(Beginning of Extracted records)

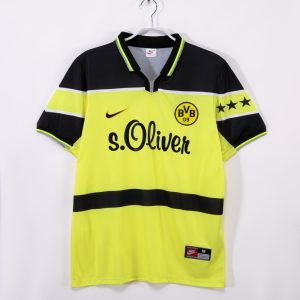 Dortmund 1997- 98 Camiseta local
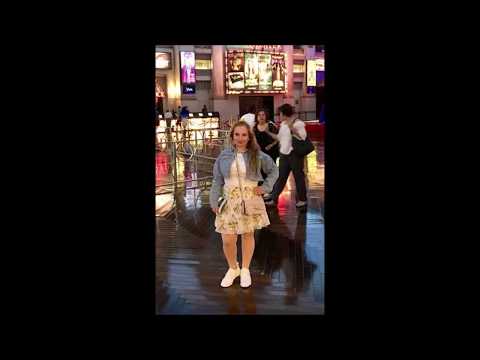 Naila Zaman's Travel Diary 19 Caesars Palace Las Vegas Strip May 2018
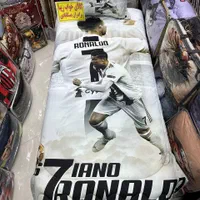 روتختی یک نفره شخصیت رونالدو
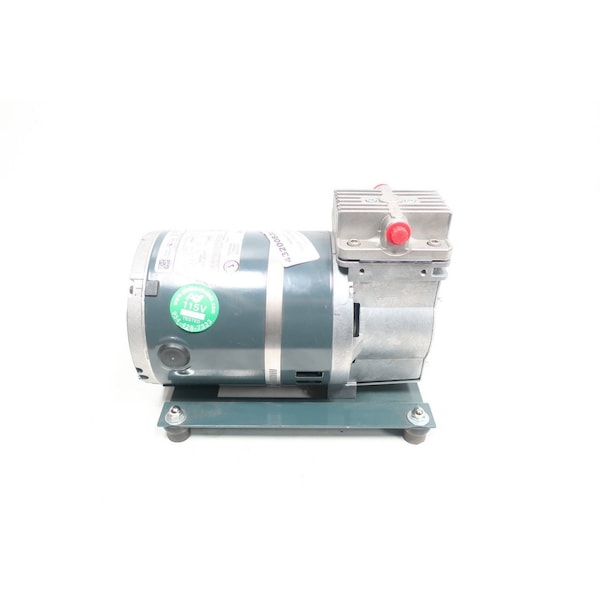 Dia-Vac 1/8Hp 110-115/220-230V-Ac Vacuum Pump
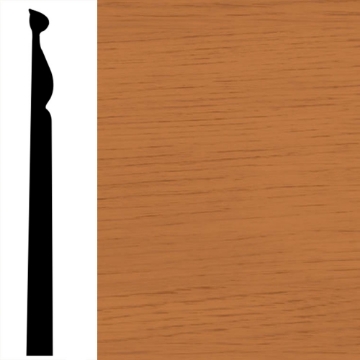 Picture of Johnsonite - Masquerade Classic Warmed Cherry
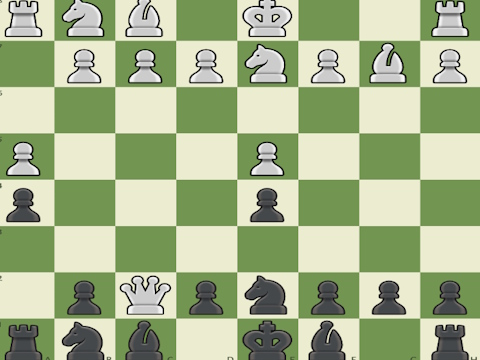 Chess Duel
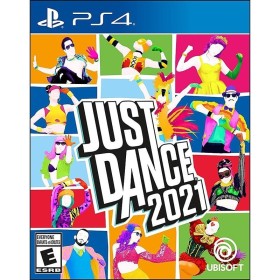 PS4 Just Dance 2021 Playstation 4 Brand New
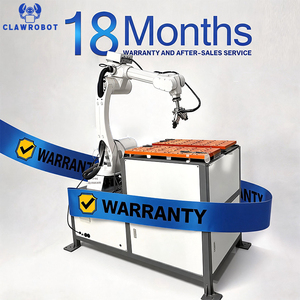 หุ่นยนต์อุตสาหกรรม 4 แกน รับน้ำหนัก 10กก. 15กก. 20กก. 25กก. 30กก. สำหรับงาน CNC, ฉีดพ่น, ระบบอัตโนมัติในโรงงาน, เชื่อม, จัดการวัสดุ, วางพาเลท - Product Image 4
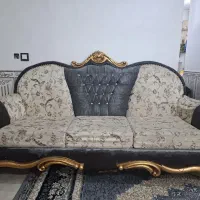 فروش ویژه مبل هفت نفره و میز و صندلی ناهارخوری|مبلمان خانگی و میز عسلی|شیراز, ماه فیروزان|دیوار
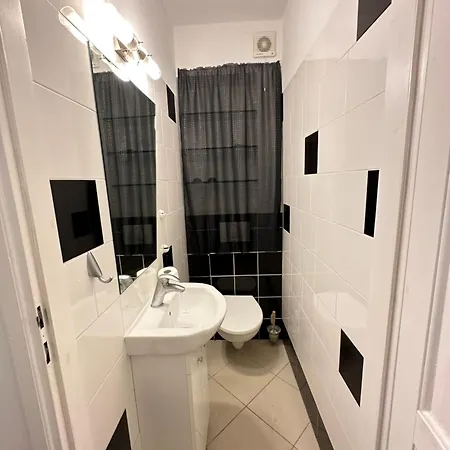 Palace Of Culture Skyline Apartament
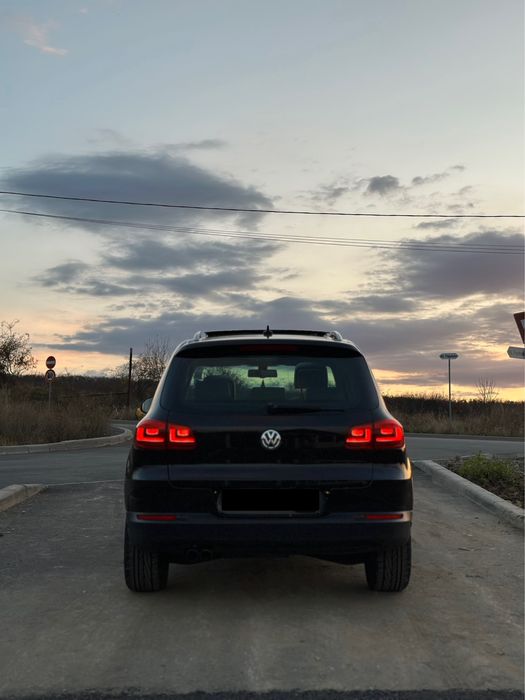 Volkswagen Tiguan 2013 Espace Suffren 2.0 TDI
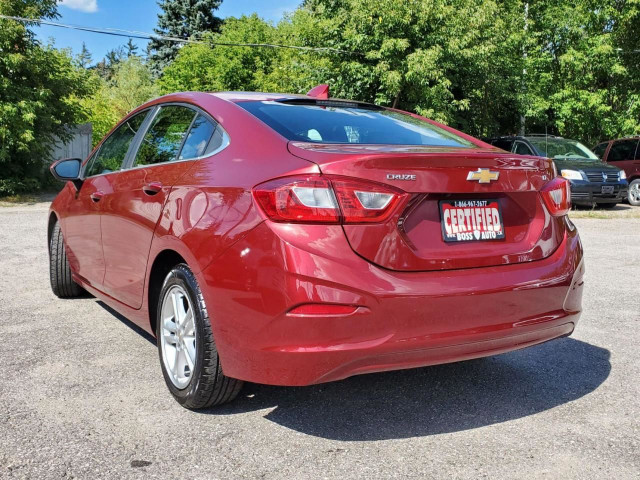 2018 Chevrolet Cruze LT Turbo in Cars & Trucks in Oshawa / Durham Region - Image 3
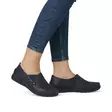 Rieker Damen Schuhe mit weitem Fußbett 48961-14 navy - Rieker walkingschuhe - 137805 - 5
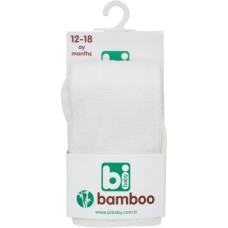 Колготки дитячі Bibaby однотонні (68123-80-white)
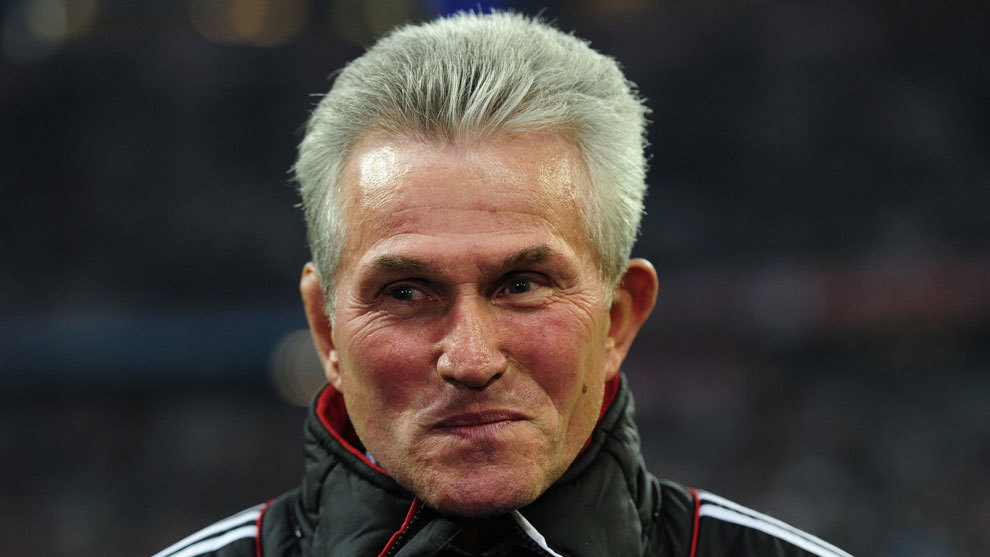 Hardheid Kwijtschelding Brullen Official: Jupp Heynckes is Bayern Munich's new coach | MARCA in English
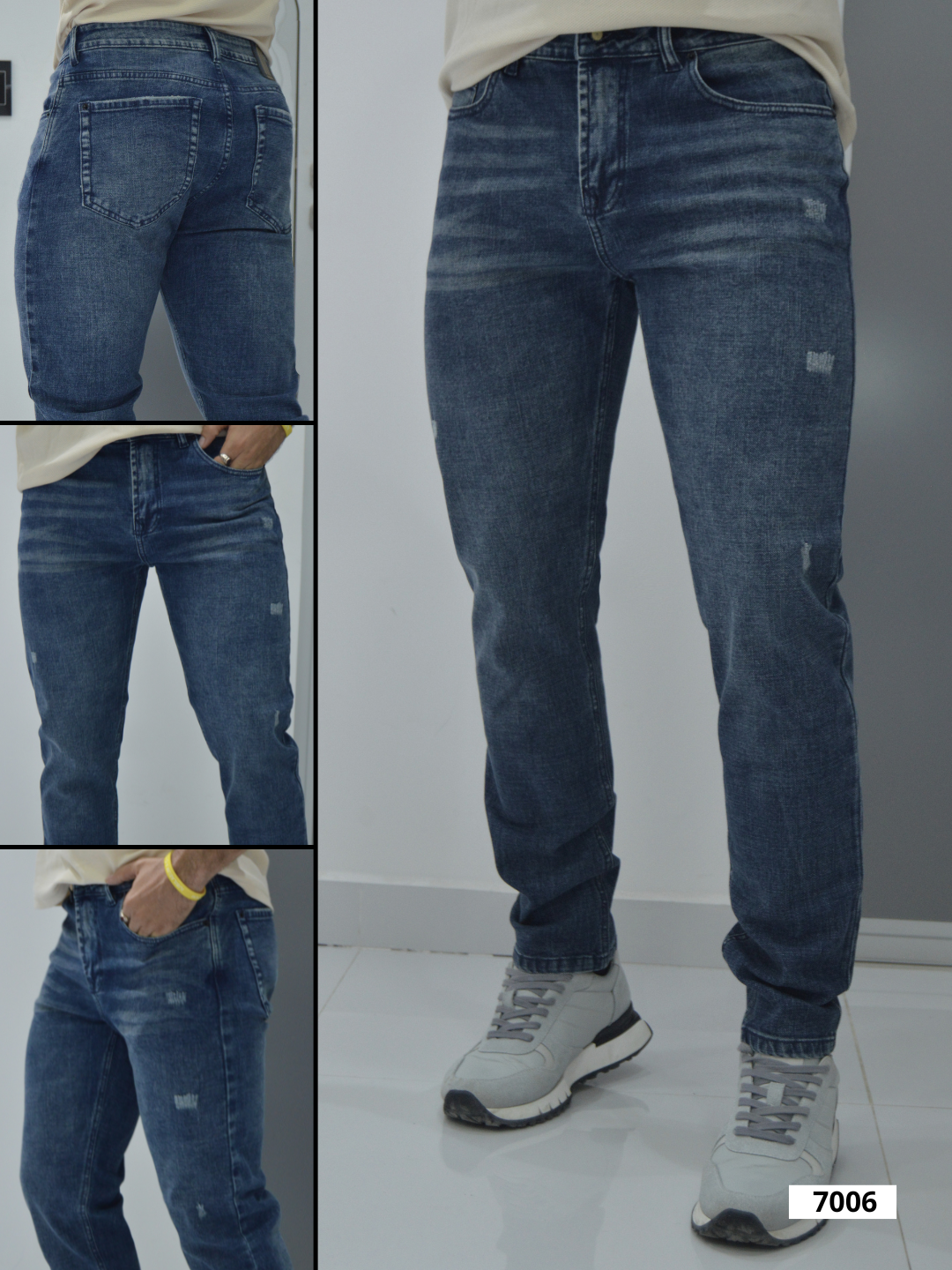 jeans caballero 7006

(End of Extracted records)

Activity
From the material above, reproduce only what runs from the line holding "Dia-Vac 1/8Hp 110-115/220-230V-Ac" down to the line holding "2018 Chevrolet Cruze", both included, pictures excluded.

Completed task
 Dia-Vac 1/8Hp 110-115/220-230V-Ac Vacuum Pump
 Picture of Johnsonite - Masquerade Classic Warmed Cherry
 Chess Duel
 PS4 Just Dance 2021 Playstation 4 Brand New
 หุ่นยนต์อุตสาหกรรม 4 แกน รับน้ำหนัก 10กก. 15กก. 20กก. 25กก. 30กก. สำหรับงาน CNC, ฉีดพ่น, ระบบอัตโนมัติในโรงงาน, เชื่อม, จัดการวัสดุ, วางพาเลท - Product Image 4
 فروش ویژه مبل هفت نفره و میز و صندلی ناهارخوری|مبلمان خانگی و میز عسلی|شیراز, ماه فیروزان|دیوار
 Palace Of Culture Skyline Apartament
 Volkswagen Tiguan 2013 Espace Suffren 2.0 TDI
 2018 Chevrolet Cruze LT Turbo in Cars & Trucks in Oshawa / Durham Region - Image 3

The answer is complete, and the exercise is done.